### THE PROBLEM
Any image in the records is to be skipped; everything else should be reproduced exactly.

### PROVIDED DATA

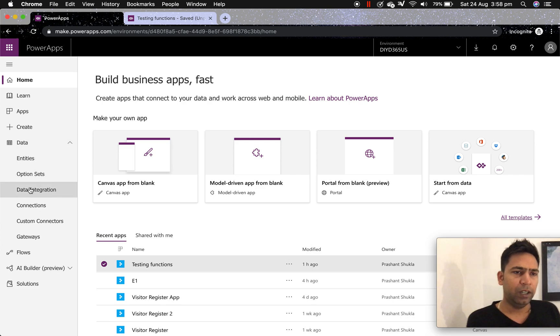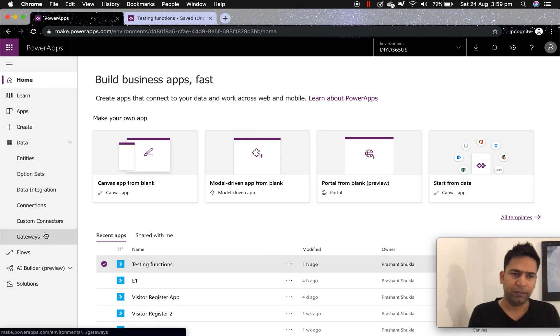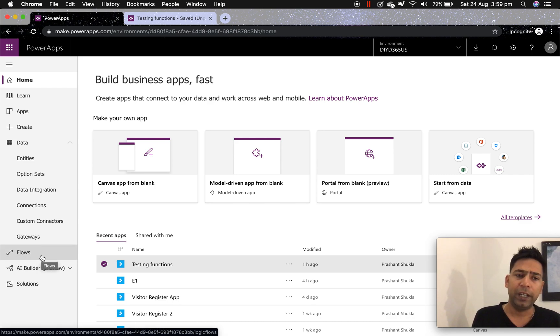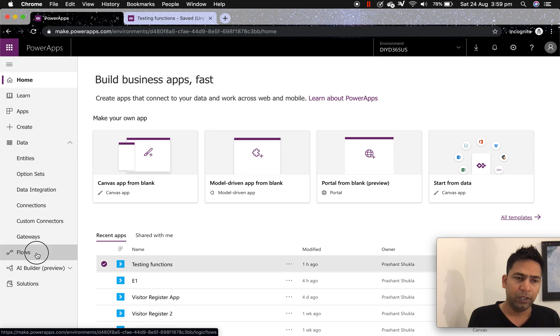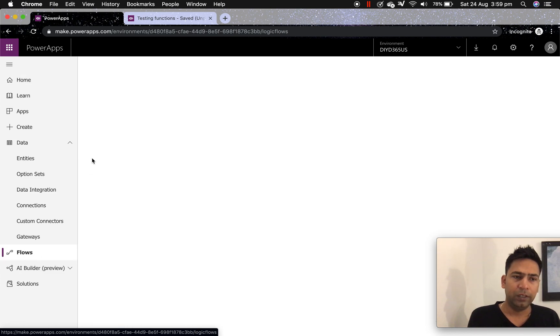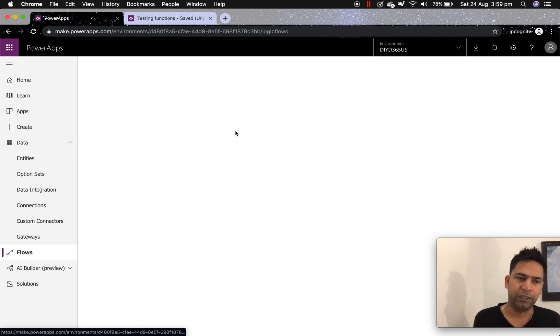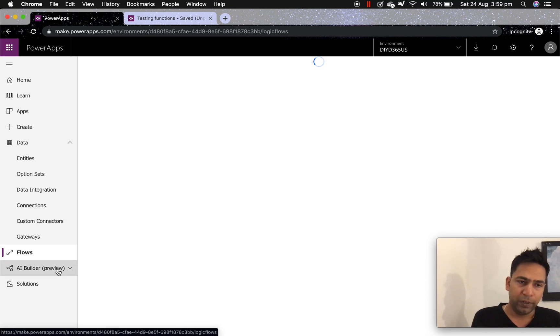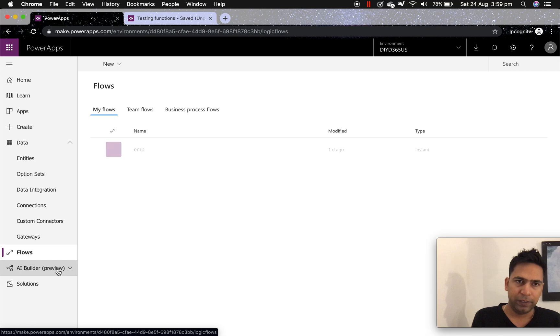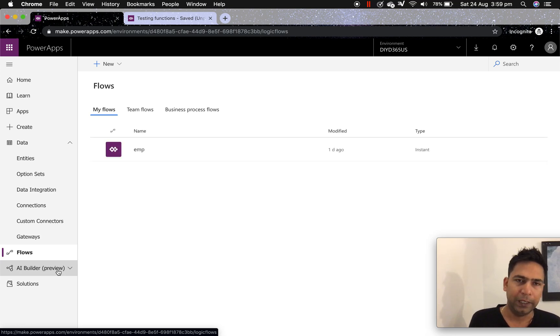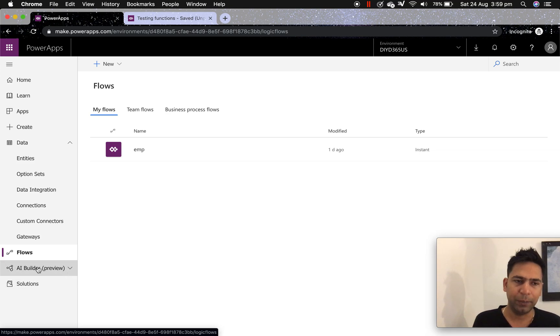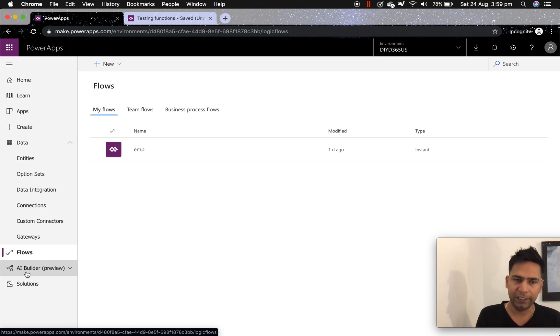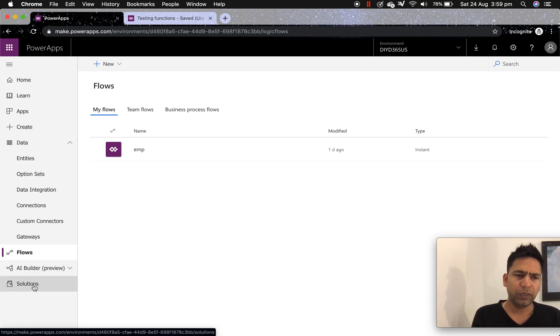Then you have data where you have all your entities, option sets, etc. Now any flows, if you click on flows and it will take you to Microsoft flows menu where you can create your own flow. This instance is basically linked to US region and that's why I'm able to see AI builder preview. Not necessarily you'll be able to see it unless your instance is linked to US or Europe region. And similarly you have solutions.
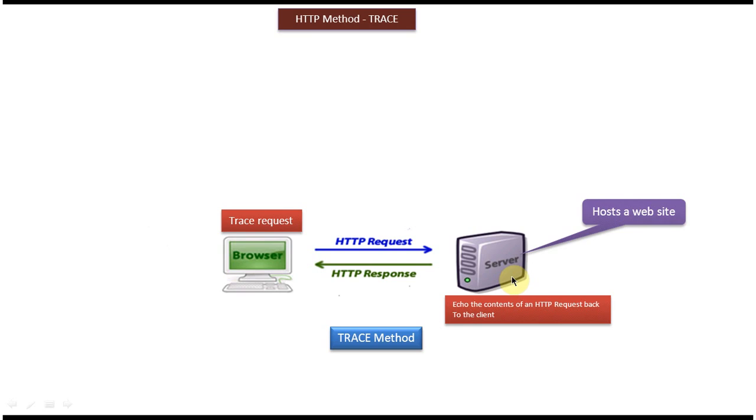The server is a machine which hosts the website, and using the TRACE method we can echo the content of the HTTP request back to the client or requester.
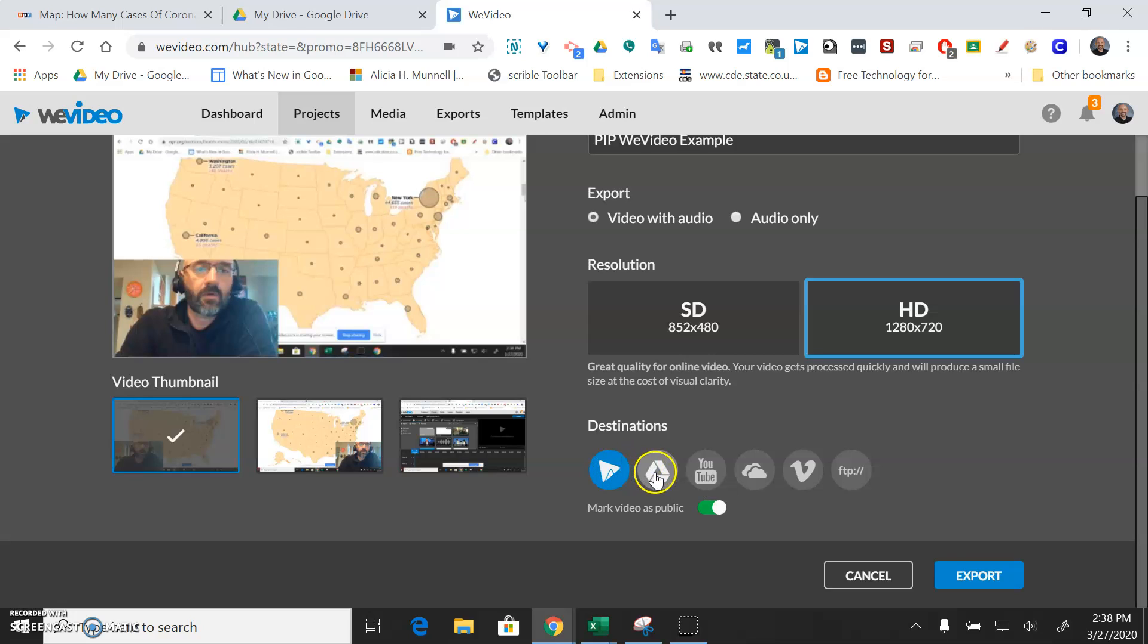So you can have it go to your Google Drive, you can have it go to YouTube, and you can even have a copy of it in WeVideo.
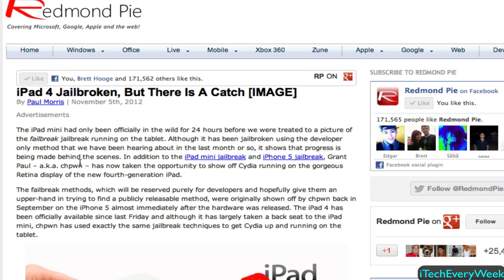There is still no ETA for the release of the jailbreak, and I'll keep posting updates on my YouTube channel. If you're running a device that does not have an A5 chip — so an A4 chip or earlier, such as the iPod Touch 4th generation — you can jailbreak that right now as a tethered or semi-untethered jailbreak. I made a tutorial video on that, and that jailbreak works for iOS 6.0 or 6.0.1.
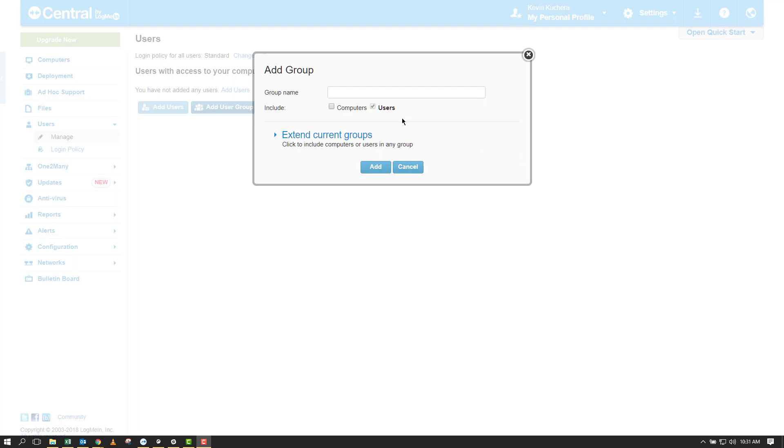In this example, let's pretend I'm setting up three different types of users: those in the IT department, those in the marketing department, and those in sales. I'm going to simply add these in the group name section and click Add.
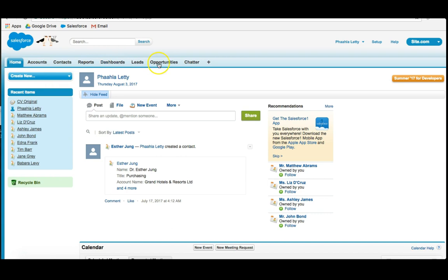I then have what we call Custom and Standard Objects at the top. And if you can imagine, for those who may be new to Salesforce, an object is almost like a bucket, and that bucket holds what we call fields. And fields are basically pieces of information.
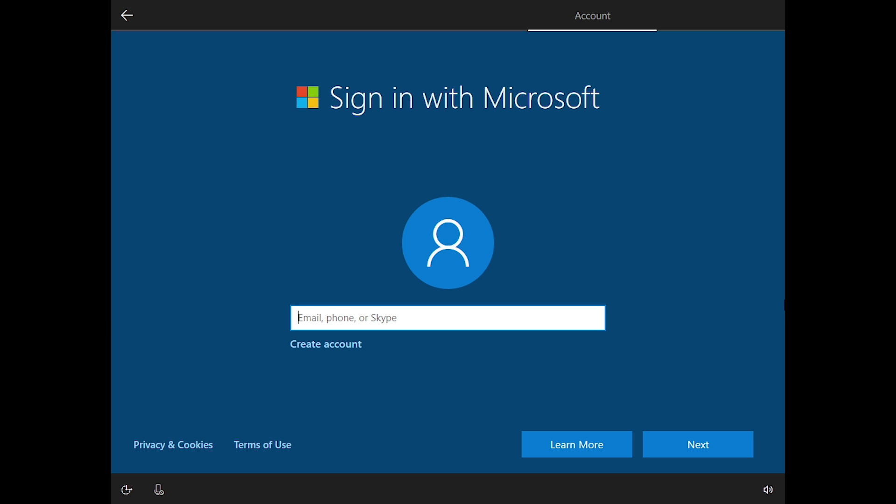Hello everybody and welcome back to another video. Now in today's video I'm going to very briefly be showing you guys how you can actually bypass the sign-in with Microsoft screen in the Windows 10 setup process.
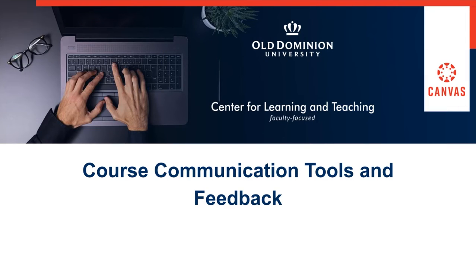Welcome to Course Communication Tools and Feedback. In this portion we'll be discussing setting your notifications.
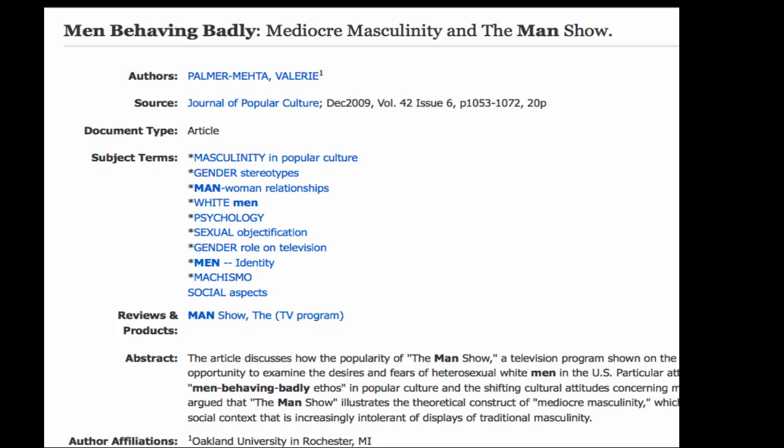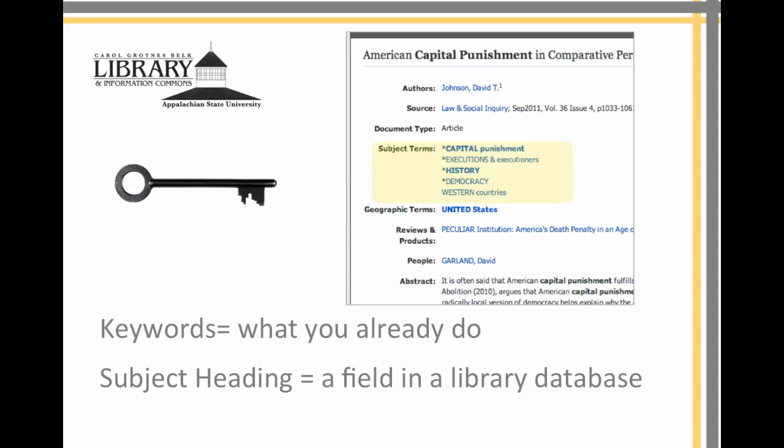A final tip about subject headings: they can be hard to guess. So start with a keyword search, and when you find an item that's close to what you're looking for, make note of the subject headings. Then you can try an advanced search where you can add keywords or subject headings to narrow results. You should now know how a subject search is different from a keyword search and be able to use subject searching as a research strategy in a library database.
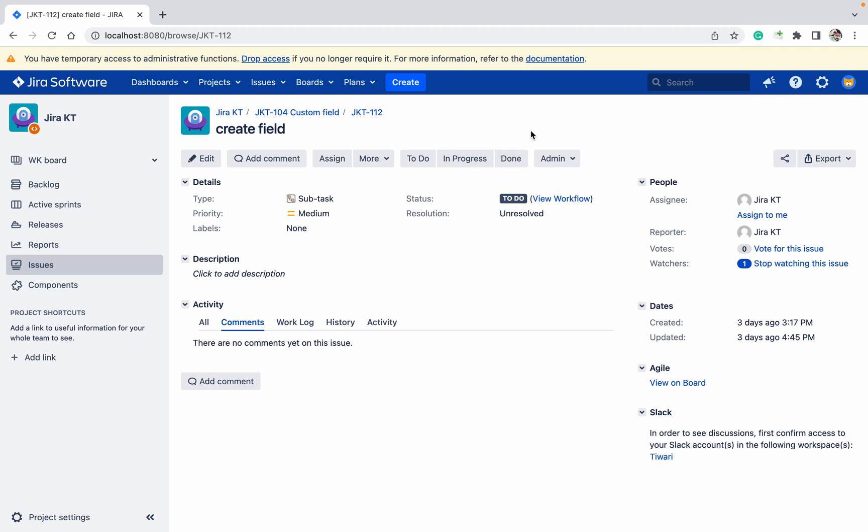Today we will learn how to create custom fields in Jira. There are many fields available already which are system fields, so how can we create custom fields?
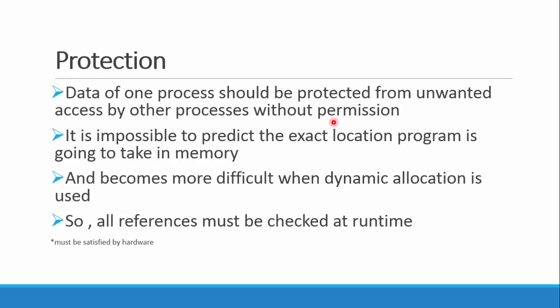Protection is like there are many processes running at a time, and one process should not interfere with the data handled by another process unless we intend it to, which will surely not be under protection.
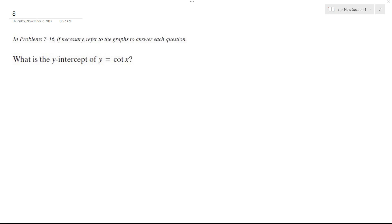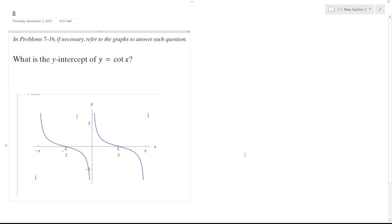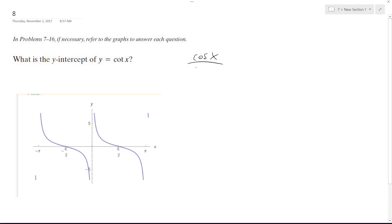Solving this problem, we want to figure out the y-intercept of cotangent x. Cotangent x actually doesn't have a y-intercept, and the reason is because cotangent is actually equal to cosine over sine.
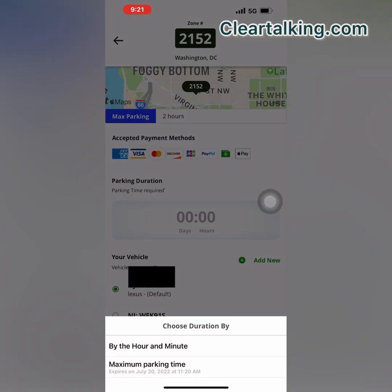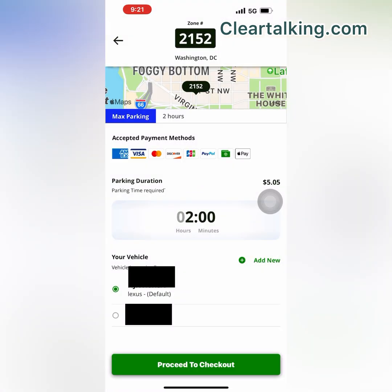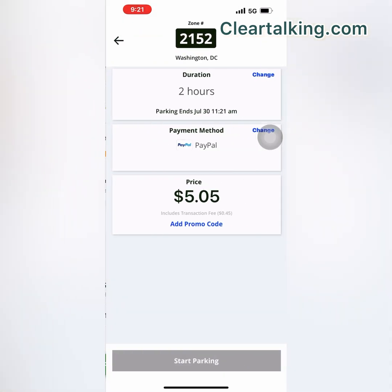Once you enter the zone number, you will get an option to choose the parking duration. You can select either the maximum parking time or by the hour and minute. Select your vehicle to park, make sure you pick the correct vehicle, and then proceed to the checkout.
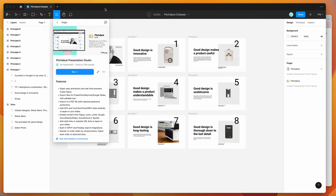Hey everyone, this is Adam, and today I'm going to be showing you how to embed Vimeo videos into your Figma presentations using the Pitch Deck plugin.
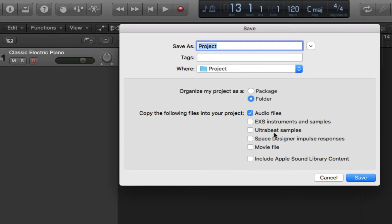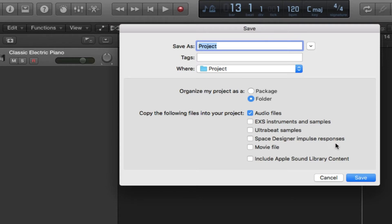The next one is Space Designer impulse responses. Space Designer is the Logic reverb unit, and impulse responses is where it uses real recordings of actual spaces to generate reverb. Check this if you've been using it in your project and you want to create another folder for the Space Designer impulse responses.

### ANSWER BELOW
Then you have data where you have all your entities, option sets, etc. Now any flows, if you click on flows and it will take you to Microsoft flows menu where you can create your own flow. This instance is basically linked to US region and that's why I'm able to see AI builder preview. Not necessarily you'll be able to see it unless your instance is linked to US or Europe region. And similarly you have solutions.
The server is a machine which hosts the website, and using the TRACE method we can echo the content of the HTTP request back to the client or requester.
So you can have it go to your Google Drive, you can have it go to YouTube, and you can even have a copy of it in WeVideo.
There is still no ETA for the release of the jailbreak, and I'll keep posting updates on my YouTube channel. If you're running a device that does not have an A5 chip — so an A4 chip or earlier, such as the iPod Touch 4th generation — you can jailbreak that right now as a tethered or semi-untethered jailbreak. I made a tutorial video on that, and that jailbreak works for iOS 6.0 or 6.0.1.
In this example, let's pretend I'm setting up three different types of users: those in the IT department, those in the marketing department, and those in sales. I'm going to simply add these in the group name section and click Add.
I then have what we call Custom and Standard Objects at the top. And if you can imagine, for those who may be new to Salesforce, an object is almost like a bucket, and that bucket holds what we call fields. And fields are basically pieces of information.
Hello everybody and welcome back to another video. Now in today's video I'm going to very briefly be showing you guys how you can actually bypass the sign-in with Microsoft screen in the Windows 10 setup process.
Welcome to Course Communication Tools and Feedback. In this portion we'll be discussing setting your notifications.
A final tip about subject headings: they can be hard to guess. So start with a keyword search, and when you find an item that's close to what you're looking for, make note of the subject headings. Then you can try an advanced search where you can add keywords or subject headings to narrow results. You should now know how a subject search is different from a keyword search and be able to use subject searching as a research strategy in a library database.
Today we will learn how to create custom fields in Jira. There are many fields available already which are system fields, so how can we create custom fields?
Protection is like there are many processes running at a time, and one process should not interfere with the data handled by another process unless we intend it to, which will surely not be under protection.
Solving this problem, we want to figure out the y-intercept of cotangent x. Cotangent x actually doesn't have a y-intercept, and the reason is because cotangent is actually equal to cosine over sine.
Once you enter the zone number, you will get an option to choose the parking duration. You can select either the maximum parking time or by the hour and minute. Select your vehicle to park, make sure you pick the correct vehicle, and then proceed to the checkout.
Hey everyone, this is Adam, and today I'm going to be showing you how to embed Vimeo videos into your Figma presentations using the Pitch Deck plugin.
The next one is Space Designer impulse responses. Space Designer is the Logic reverb unit, and impulse responses is where it uses real recordings of actual spaces to generate reverb. Check this if you've been using it in your project and you want to create another folder for the Space Designer impulse responses.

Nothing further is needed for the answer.